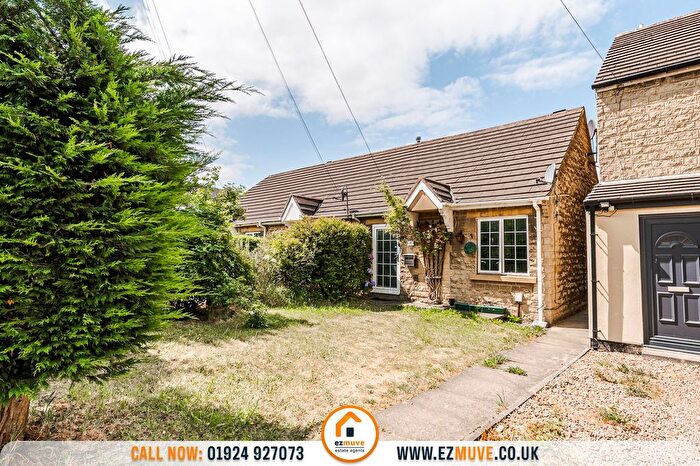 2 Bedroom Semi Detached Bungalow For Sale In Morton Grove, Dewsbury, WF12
* * *
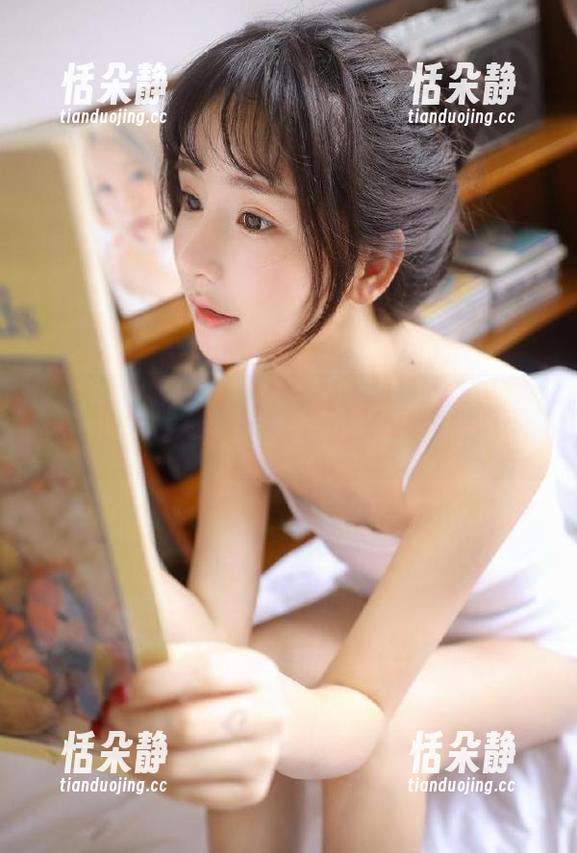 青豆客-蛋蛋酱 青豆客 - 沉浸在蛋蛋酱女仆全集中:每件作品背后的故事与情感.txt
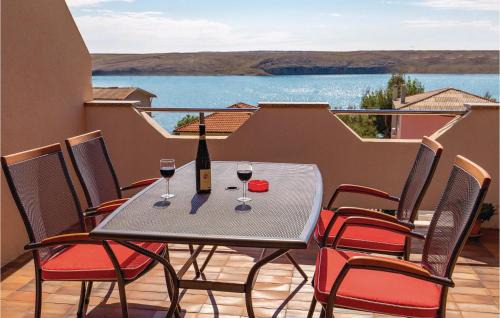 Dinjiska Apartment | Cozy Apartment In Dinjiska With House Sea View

» **WORK TO COMPLETE**:
From the data above, retype only the lines starting with the line with "青豆客-蛋蛋酱 青豆客 - 沉浸在蛋蛋酱女仆全集中:每件作品背后的故事与情感.txt" and going on through the line with "Dinjiska Apartment |", exactly, leaving out the pictures.

» **EXERCISE RESULT**:
 青豆客-蛋蛋酱 青豆客 - 沉浸在蛋蛋酱女仆全集中:每件作品背后的故事与情感.txt
 Dinjiska Apartment | Cozy Apartment In Dinjiska With House Sea View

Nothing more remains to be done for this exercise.